> **TRY IT**
The output must reproduce each line of the data word for word.

> **Source records**
::::
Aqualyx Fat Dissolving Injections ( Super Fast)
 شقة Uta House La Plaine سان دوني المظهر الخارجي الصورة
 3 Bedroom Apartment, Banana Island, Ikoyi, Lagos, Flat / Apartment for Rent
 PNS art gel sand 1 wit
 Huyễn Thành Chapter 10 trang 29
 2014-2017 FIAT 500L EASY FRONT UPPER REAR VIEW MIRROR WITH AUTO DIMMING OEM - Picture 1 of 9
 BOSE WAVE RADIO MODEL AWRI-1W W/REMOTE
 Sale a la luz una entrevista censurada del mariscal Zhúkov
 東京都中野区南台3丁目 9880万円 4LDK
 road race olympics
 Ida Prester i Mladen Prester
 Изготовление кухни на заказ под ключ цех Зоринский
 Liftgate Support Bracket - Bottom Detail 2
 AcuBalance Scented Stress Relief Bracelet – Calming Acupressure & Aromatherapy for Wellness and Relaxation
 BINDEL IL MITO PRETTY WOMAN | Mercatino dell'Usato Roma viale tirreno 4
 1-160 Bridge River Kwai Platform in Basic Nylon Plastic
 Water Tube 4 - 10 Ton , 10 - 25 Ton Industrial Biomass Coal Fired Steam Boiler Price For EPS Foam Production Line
::::
> **RESPONSE TO THE TASK**
Aqualyx Fat Dissolving Injections ( Super Fast)
 شقة Uta House La Plaine سان دوني المظهر الخارجي الصورة
 3 Bedroom Apartment, Banana Island, Ikoyi, Lagos, Flat / Apartment for Rent
 PNS art gel sand 1 wit
 Huyễn Thành Chapter 10 trang 29
 2014-2017 FIAT 500L EASY FRONT UPPER REAR VIEW MIRROR WITH AUTO DIMMING OEM - Picture 1 of 9
 BOSE WAVE RADIO MODEL AWRI-1W W/REMOTE
 Sale a la luz una entrevista censurada del mariscal Zhúkov
 東京都中野区南台3丁目 9880万円 4LDK
 road race olympics
 Ida Prester i Mladen Prester
 Изготовление кухни на заказ под ключ цех Зоринский
 Liftgate Support Bracket - Bottom Detail 2
 AcuBalance Scented Stress Relief Bracelet – Calming Acupressure & Aromatherapy for Wellness and Relaxation
 BINDEL IL MITO PRETTY WOMAN | Mercatino dell'Usato Roma viale tirreno 4
 1-160 Bridge River Kwai Platform in Basic Nylon Plastic
 Water Tube 4 - 10 Ton , 10 - 25 Ton Industrial Biomass Coal Fired Steam Boiler Price For EPS Foam Production Line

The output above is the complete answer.